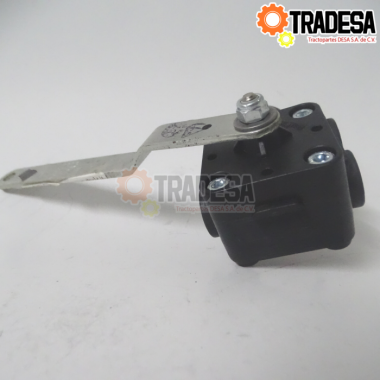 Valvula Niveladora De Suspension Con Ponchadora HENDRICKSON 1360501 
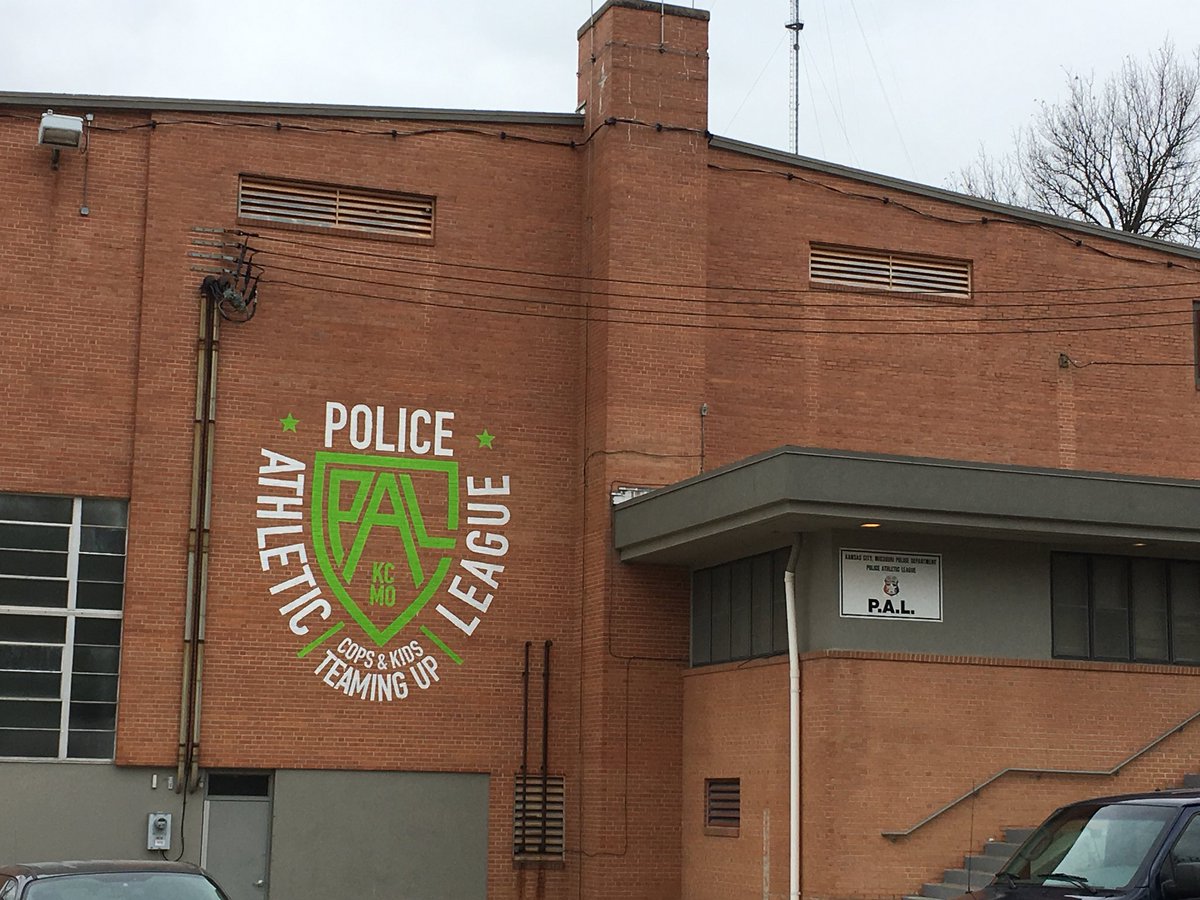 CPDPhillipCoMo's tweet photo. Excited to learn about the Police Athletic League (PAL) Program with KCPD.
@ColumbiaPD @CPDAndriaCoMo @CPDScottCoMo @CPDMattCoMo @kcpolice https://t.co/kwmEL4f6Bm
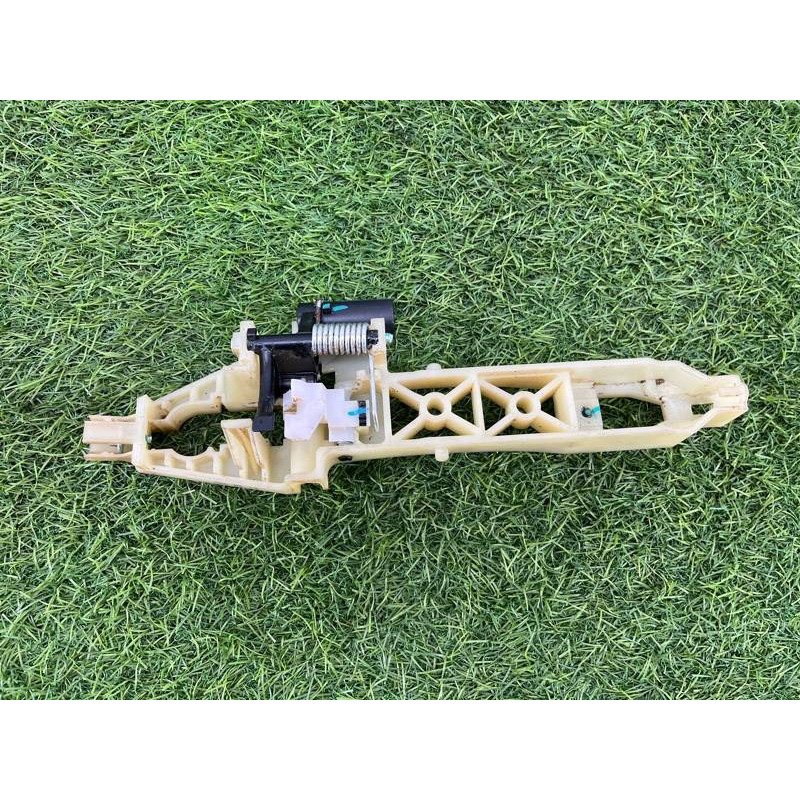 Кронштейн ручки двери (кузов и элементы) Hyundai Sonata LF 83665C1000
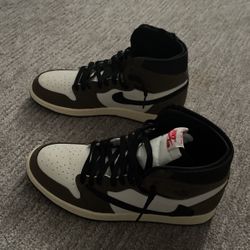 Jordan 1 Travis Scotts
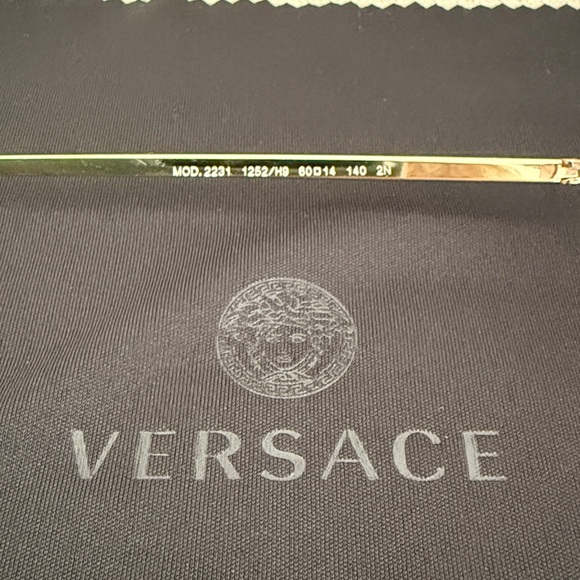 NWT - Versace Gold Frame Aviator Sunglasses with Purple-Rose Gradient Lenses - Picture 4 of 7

# # # # # # #

Reproduce every line above word for word; no images.

 Valvula Niveladora De Suspension Con Ponchadora HENDRICKSON 1360501 
 CPDPhillipCoMo's tweet photo. Excited to learn about the Police Athletic League (PAL) Program with KCPD.
@ColumbiaPD @CPDAndriaCoMo @CPDScottCoMo @CPDMattCoMo @kcpolice https://t.co/kwmEL4f6Bm
 Кронштейн ручки двери (кузов и элементы) Hyundai Sonata LF 83665C1000
 Jordan 1 Travis Scotts
 NWT - Versace Gold Frame Aviator Sunglasses with Purple-Rose Gradient Lenses - Picture 4 of 7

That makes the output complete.